▸ INFORMATION SHOWN
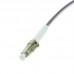 Custom OM1 62.5/125 Multimode Simplex Armored Fiber Patch Cable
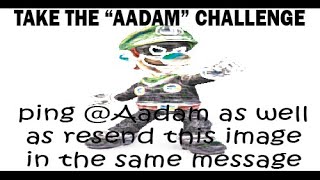 The Aadam Challenge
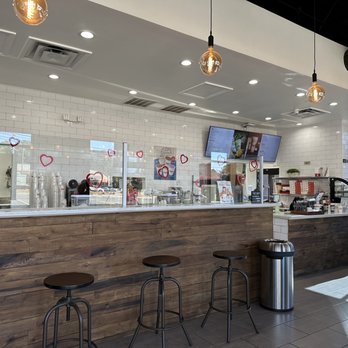 7 Leaves Cafe - Duluth - Counter area - Coffee & Tea Near Me - Duluth, Georgia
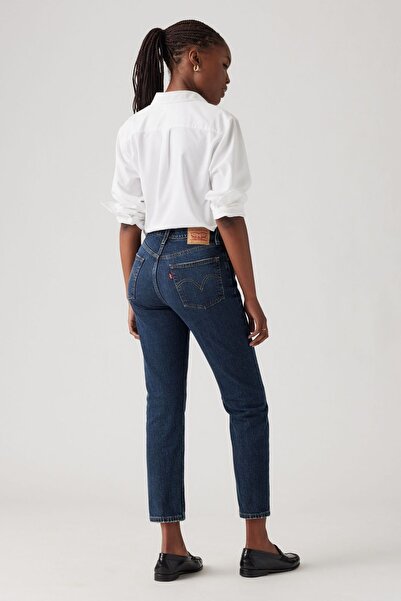 Levi's 501 Crop Local Tr Salsa T3 Authentic Koyu Mavi Kadın Jean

▸ PROMPT
Leave out the pictures, and retype exactly the lines from the one containing "The Aadam Challenge" through the final line of the data.

▸ TASK ANSWER
 The Aadam Challenge
 7 Leaves Cafe - Duluth - Counter area - Coffee & Tea Near Me - Duluth, Georgia
 Levi's 501 Crop Local Tr Salsa T3 Authentic Koyu Mavi Kadın Jean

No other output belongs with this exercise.